Mi marido, a quien escuchaba roncar desde su habitación pese a estar la puerta
cerrada, nunca se percató de la invasión. Al momento de comenzar mi faena,
corrieron de un lado a otro, como asustadas, tal vez lograban percibir mi odio
visceral o mis ansias asesinas. Sus antenitas se movían y hasta parecía que con
las patas delanteras se comunicaban en un idioma que desconozco. Quizás este
último detalle se debía a mi mente adormilada y a mi desesperación fóbica.
Como ese
hijo de puta seguía durmiendo pese a mis gritos, acabé sola con las mal
nacidas. Todas murieron por mis pisotones. Luego me bañé, pues el asco se
apoderó de mí como un escozor que subió desde las plantas de mis pies hasta las
caderas y desde allí hasta los hombros, el cuello y lo más alto de mi cráneo.

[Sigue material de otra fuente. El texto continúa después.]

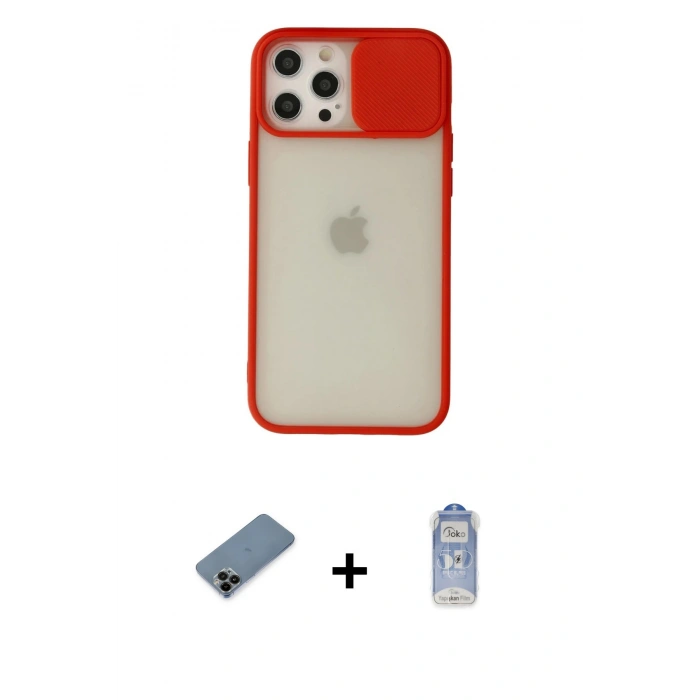 MARSİLYAN™- iPhone 12 Pro Max Kılıf Vadi Çizgi - Siyah Joko Magic 5D Cam + Shine Kamera Lens Koruma Cam - SH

Al darme cuenta de la hazaña que había realizado, lloré bajo la ducha, no sé si
por la rabia, la impotencia o todo junto.
Anoche volvió
a ocurrir. Y exploté en un estado de ira incontenible. Fue un odio mucho más
manifiesto que las noches anteriores. En vez de enfrentarme al enjambre de
pestilencia, abrí la puerta del cuarto de huéspedes.
Tendido en
su lecho, y en un profundo sueño, se encontraba mi marido, tan blanco como la
nieve. De su boca abierta brotaban a borbotones miles y miles de cucarachas que
abandonaban su cuerpo para tomar posiciones en la casa.